EXERCISE OBJECTIVE:
When you reproduce the data, keep every word exactly as it stands and leave the pictures out.

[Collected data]
########################################
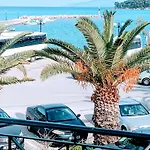Apartment Port Luxury *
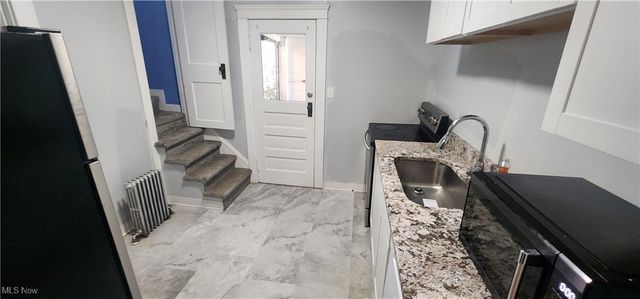 368 E 248th Street, Euclid, OH 44123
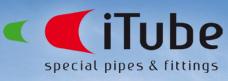 Itube Srl, Montelabbate orari di apertura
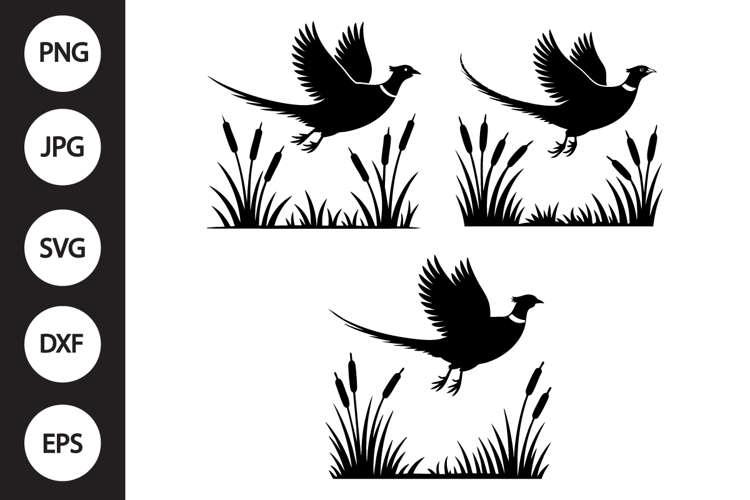 Coloring Clipart Image 8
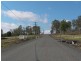 Gin Gin QLD 4671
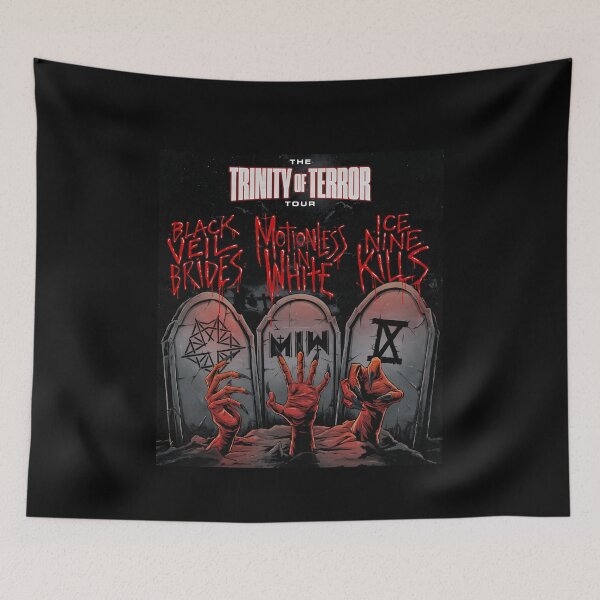 Item preview, Great Model Women Who Love When All The Birds Fan Art Parody Mashup designed and sold by GarthArmstr.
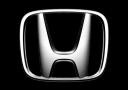 Honda logo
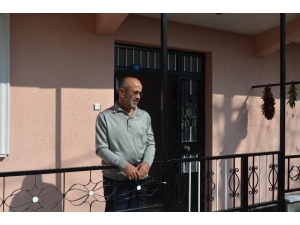 Görebilmesi İçin 150 Bin Dolar Lazım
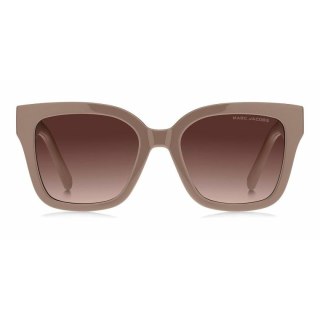 Okulary przeciwsłoneczne Damskie Marc Jacobs MARC 658_S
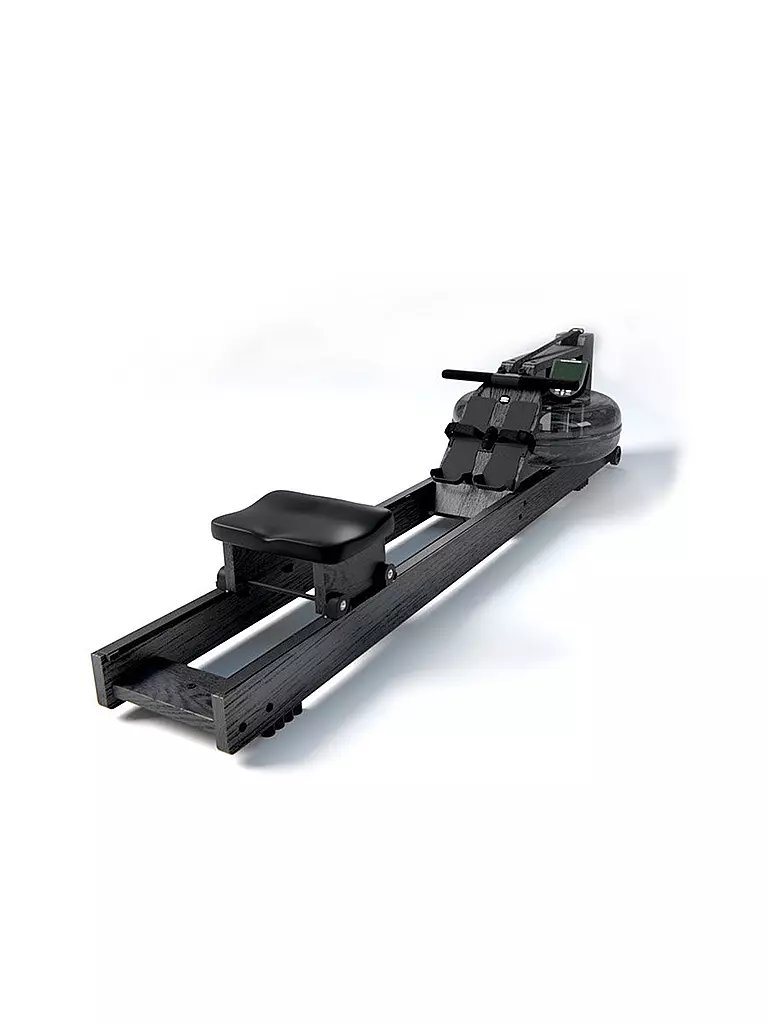 WATERROWER | Rudergerät Shadow S4 | 999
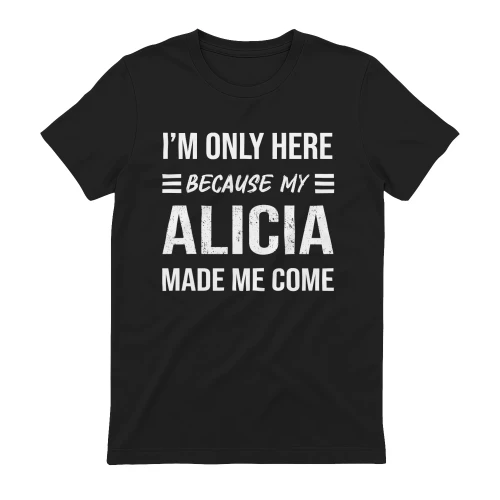 alicia-iohbmc-25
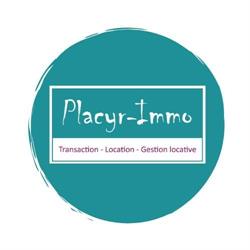 Placyr-Immo, Feillens - Horaires d'ouverture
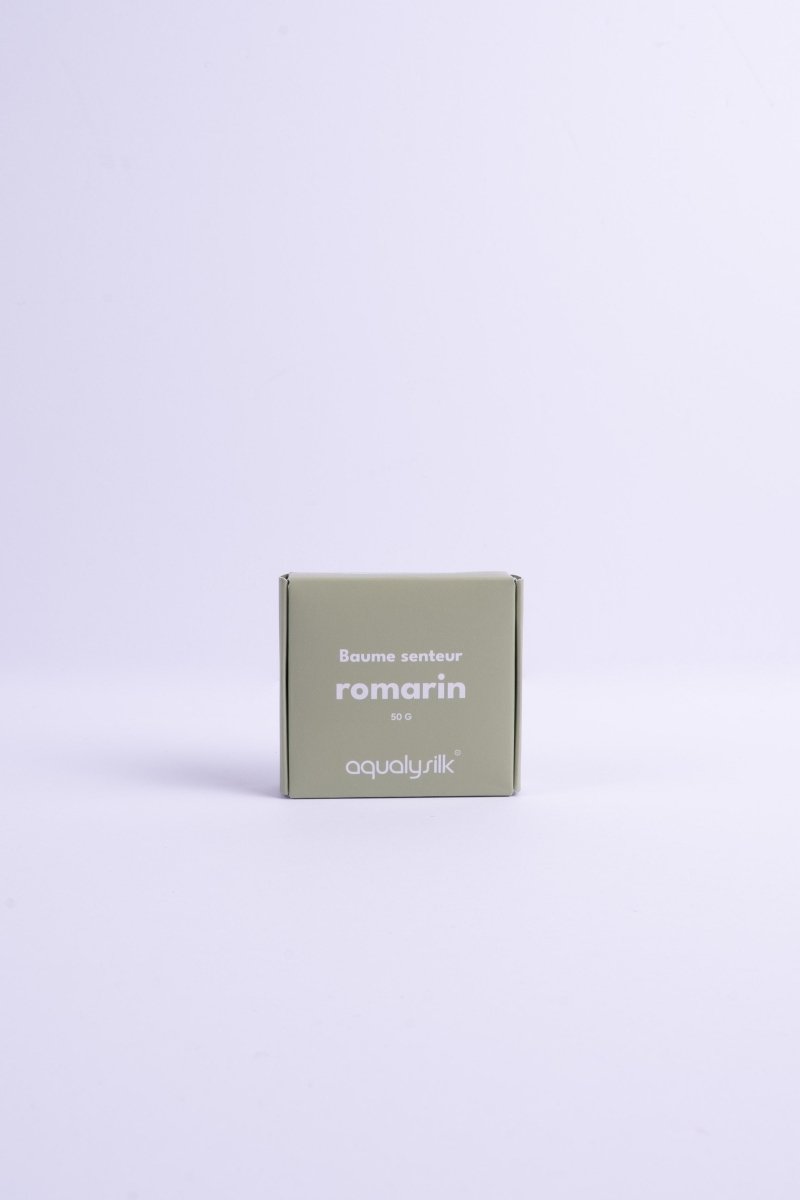 VITAMINE C RECHARGE SHOWERSILK - aqualysilk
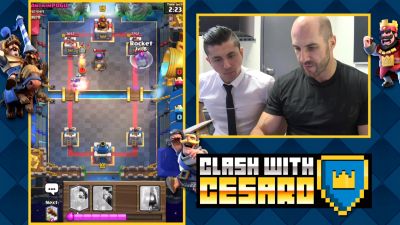 TJP___CESARO_break_the_rules_as_they_REFUSE_TO_LOSE21_--_Clash_With_Cesaro__16_mp40223.jpg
########################################
SOLVED PROBLEM:
Apartment Port Luxury *
 368 E 248th Street, Euclid, OH 44123
 Itube Srl, Montelabbate orari di apertura
 Coloring Clipart Image 8
 Gin Gin QLD 4671
 Item preview, Great Model Women Who Love When All The Birds Fan Art Parody Mashup designed and sold by GarthArmstr.
 Honda logo
 Görebilmesi İçin 150 Bin Dolar Lazım
 Okulary przeciwsłoneczne Damskie Marc Jacobs MARC 658_S
 WATERROWER | Rudergerät Shadow S4 | 999
 alicia-iohbmc-25
 Placyr-Immo, Feillens - Horaires d'ouverture
 VITAMINE C RECHARGE SHOWERSILK - aqualysilk
 TJP___CESARO_break_the_rules_as_they_REFUSE_TO_LOSE21_--_Clash_With_Cesaro__16_mp40223.jpg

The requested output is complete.